Przede wszystkim Sarri staje przed trudnym zadaniem. Odmienić Lazio po erze Inzaghiego. Nowy trener Interu przez pięć kolejnych lat hołdował ustawieniu 3-5-2. Bez względu na to czy były kłopoty kadrowe, czy wystarczało zawodników do obsadzenia poszczególnych pozycji. Ot, zawsze ten sam system, który można było utożsamiać z zespołem i klubem. Sarri to wielki orędownik 4-3-3. Krótko mówiąc zespół czekał i czeka nadal spore zmiany. Z wielu rozwiązań poprzednika chętnie najsłynniejszy palacz wśród trenerów skorzysta. Jednak to trener, który ma swoją wizję grania, swój sposób, na którym się opiera. To nie będzie dostosowanie się do poprzednika, tylko wykorzystanie najlepszych cech zespołu pod określony model gry.
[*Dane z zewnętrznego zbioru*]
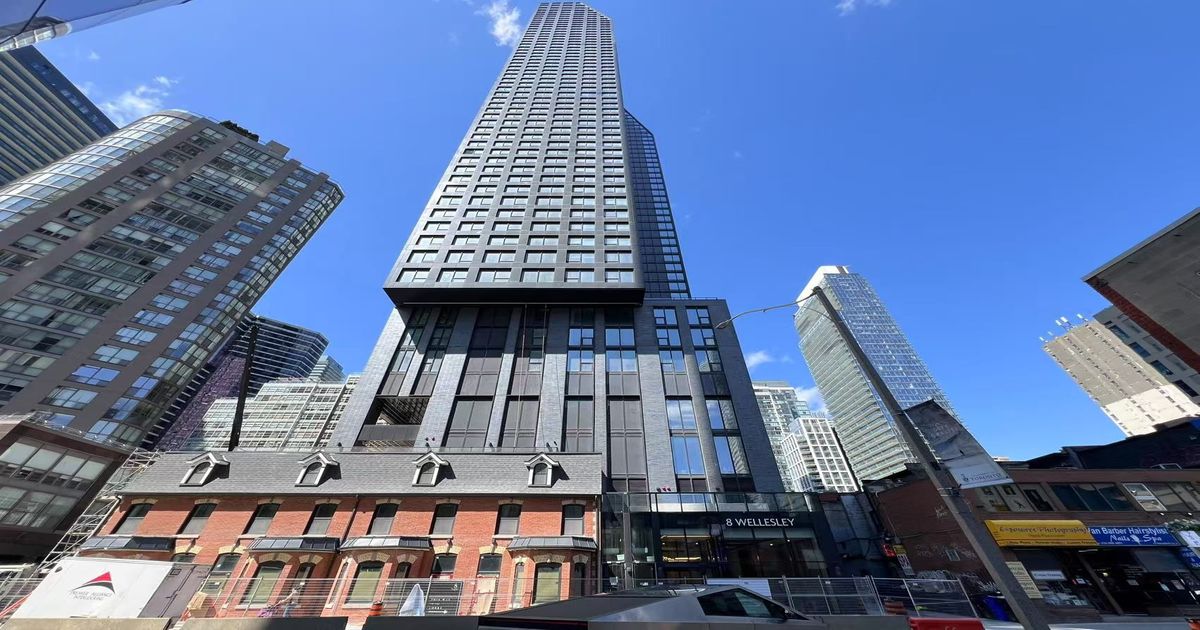 8 Wellesley Street W Toronto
Mou po raz kolejny w Italii

Wszyscy z rozrzewnieniem wspominają pobyt Jose Mourinho w Interze. Zgarnął wszystko, co się dało z mediolańskim klubem i po ponad dekadzie wraca do włoskiej piłki. To można powiedzieć środowisko naturalne dla takiego charyzmatycznego gościa jak Portugalczyk. Lubi prowokować, lubi wbijać szpilki, lubi być w centrum uwagi. Włoskie media i przemysł piłkarski zdecydowanie takich osób potrzebują!

Zresztą Mourinho to przede wszystkim trener z ogromnymi sukcesami i sposobem na zgarnianie trofeów. Początek sezonu w Romie niezły, choć z jedną małą rysą. Przeciwko Sassuolo świętował tysięczny mecz na ławce trenerskiej. Wówczas Stephan El Shaarawy wprowadził Mou w ekstazę strzelając gola w doliczonym czasie gry. To jedna z siedmiu wygranych Romy w tym sezonie, ale pojawiły się już pierwsze skazy. Mowa oczywiście o porażce w Weronie. Po szalonym meczu 2:3 z Hellasem chluby nie przyniosło. Jednak to nadal lepsze wyniki od rywala zza miedzy.
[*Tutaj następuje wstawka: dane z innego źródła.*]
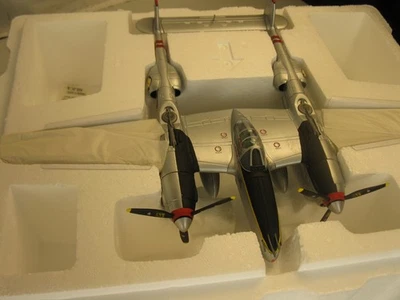 EXTREMADAMENTE RARO P38 J Iluminación 1:48 Metal Diecast Armadura Colección EE. UU. AAF 98113 Foto 1 de 4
Rywalizacja na boisku, trybunach i ławkach

Derby to przecież mecze, gdzie analizuje się każdy fragment dookoła. Boisko i mnóstwo pojedynków. Trybuny, na których kibice rywalizują dopingiem, atmosferą oraz oprawami. W tym sezonie Rzym zyskał dwóch topowych trenerów. Nie będziemy deprecjonować poprzedników Sarriego i Mourinho. Po prostu byli mniej medialnymi osobami, które nie wzbudzały takiego zainteresowania i tylu kontrowersji. Czasem spłyci to dyskusje o piłce, ale koniec końców wydaje się, że w tym sezonie dwa rzymskie kluby po prostu muszą wykorzystać na maksa nowe rozdanie.

Piłkarsko trudno będzie obu ekipom znaleźć się w strefie Ligi Mistrzów na koniec sezonu. Są drużyny o mocniejszych kadrach. Jednak tutaj trenerzy mogą odegrać ogromną rolę. Pierwszy pojedynek już dzisiaj! Start o 18:00 na antenie Eleven Sports1.